Uma companhia promissora em um mercado capaz de revolucionar as relações pré-existentes dentro de seu setor. Esse é considerado um cenário comum para as startups, que cada vez mais ganham destaque no mundo dos negócios, e passam por sucessivas rodadas de investimento até chegarem a patamares bilionários de valor de mercado, sem, muitas vezes, uma prova concreta de consistência financeira ou até mesmo de uma garantia de demanda duradoura por parte dos consumidores. Dentre os vários setores afetados por esse fenômeno, podemos citar o mundo do coworking¹, em especial uma de suas empresas de maior destaque global: a WeWork.

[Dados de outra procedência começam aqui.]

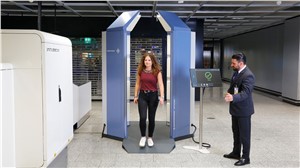 Rohde &amp; Schwarz and Fraport Evaluate the World&#39;s 1st Walk-through Scanner for Passengers
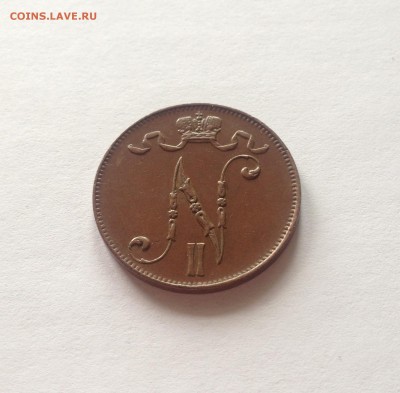 5 пенни 1913г. Русская Финляндия , до 19.04.18г. - 5p13-1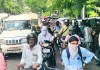 वीआईपी दौरे ने रोकी शहर की रफ्तार, घंटों जाम में फंसे लोग 
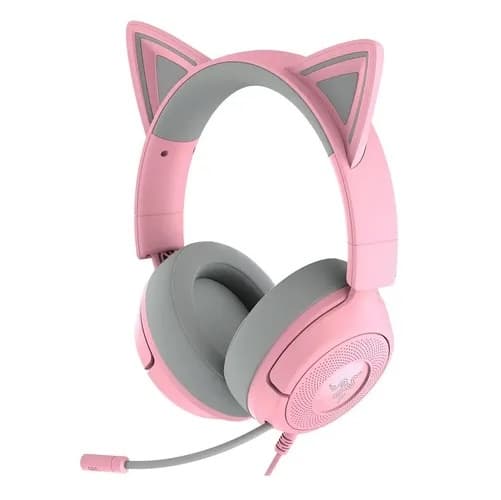 Auriculares Razer Kraken Kitty V3 X quartz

Chegando a valer US$ 47 bilhões em seu auge, bem mais do que o necessário para ser nomeada um unicórnio², a companhia, junto a seus principais investidores - sobretudo o homem mais rico do Japão, Masayoshi Son - obteve um rápido e significativo crescimento em seus primeiros anos de existência. Porém, as crises internas e o horizonte de prosperidade financeira cada vez mais questionável atrapalharam os planos da companhia quanto à realização de um IPO. Portanto, assim como a empresa ascendeu rapidamente a tais valores, sua queda transfigurou-se em um ritmo igualmente veloz.


Um futuro esperançoso


Antes de falar sobre a WeWork e seu setor, é necessário dar um passo atrás e retornar à Crise dos Subprimes, em 2008. Durante esse período, impactos negativos abalaram não somente os EUA, mas o mundo todo, levando ao desemprego milhões de pessoas. Em um cenário de desespero, essa parcela da população passou a procurar por novas oportunidades por meio de carreiras autônomas, principalmente no ramo do empreendedorismo, em busca de uma chance de se reerguer financeiramente. Porém, muitos não possuíam capital para abrir um escritório, o que mostrou-se como uma oportunidade originada por meio de uma demanda não suprida pelo mercado. Sendo assim, alguns começaram a perceber essa brecha, levando à abertura das primeiras empresas voltadas ao coworking, cujo modelo de negócios baseava-se em alugar prédios e transformá-los em escritórios, estes sublocados por outros indivíduos ou empresas.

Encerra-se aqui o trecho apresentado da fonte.